Paleontologist Phil Bell at the University of New England, Armidale found that the glimmering fossils belong to a new dinosaur species. However, while examining the bones in the fossil, Bell and his team found that there were more than just one dinosaur.
“We initially assumed it was a single skeleton, but when I started looking at some of the bones, I realised that we had four scapulae (shoulder blades) all from different sized animals,” Bell said in a statement about the study published in the Journal of Vertebrate Paleontology on Monday. “There are about 60 opalised bones from one adult dinosaur, including part of the braincase, and bones from at least another three animals.”
They named the new dinosaur species Fostoria dhimbangunmal, to credit Bob Foster’s discovery of the fossil, while the species name translates to “sheepyard” in the Yuwaalaraay language, which was widely spoken by people who lived in New South Wales in the past.
The fossils revealed that the new dinosaur species was a herbivore which used its hind legs for movement, belonging to a dinosaur group called iguanodons. They found parts of four Fostoria skeletons which include younger dinosaurs, as well as adults which could likely be around 16 feet long. Researchers believe the glimmering fossils represent a family of dinosaurs or a small herd.
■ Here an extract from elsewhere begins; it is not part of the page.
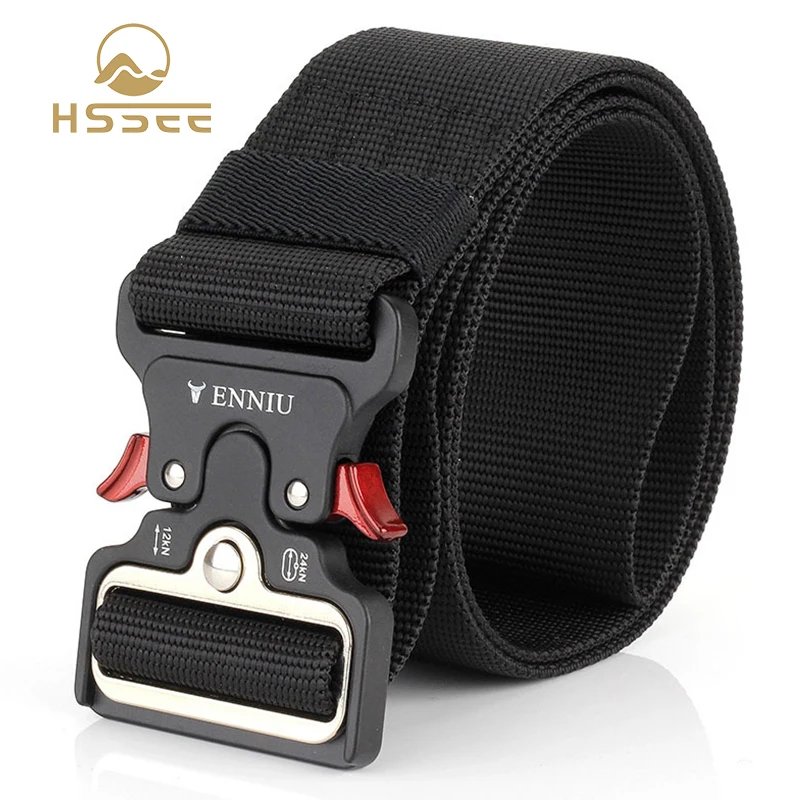 HSSEE 5cm Tactical Outdoor Belt for Men 1200D Tight Nylon Military Army Belt Metal Buckle Quick Release Casual Wide Belt Girdle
“Fostoria has given us the most complete opalised dinosaur skeleton in the world. Partial skeletons of extinct swimming reptiles have been found at other Australian opal fields, but for opalised dinosaurs we generally have only a single bone or tooth, or in rare instances, a few bones,” said Jenni Brammall, study author, paleontologist and special projects officer of the Australian Opal Centre. “To recover dozens of bones from the one skeleton is a first.”
Opal can be found in any color in the visible electromagnetic spectrum, with the vast majority of opal in the world being mined in the Australian outback. Opal forms in rock cavities, which means that when a bone gets buried in sand or clay and becomes a stone after some time, opal creates a “copy.”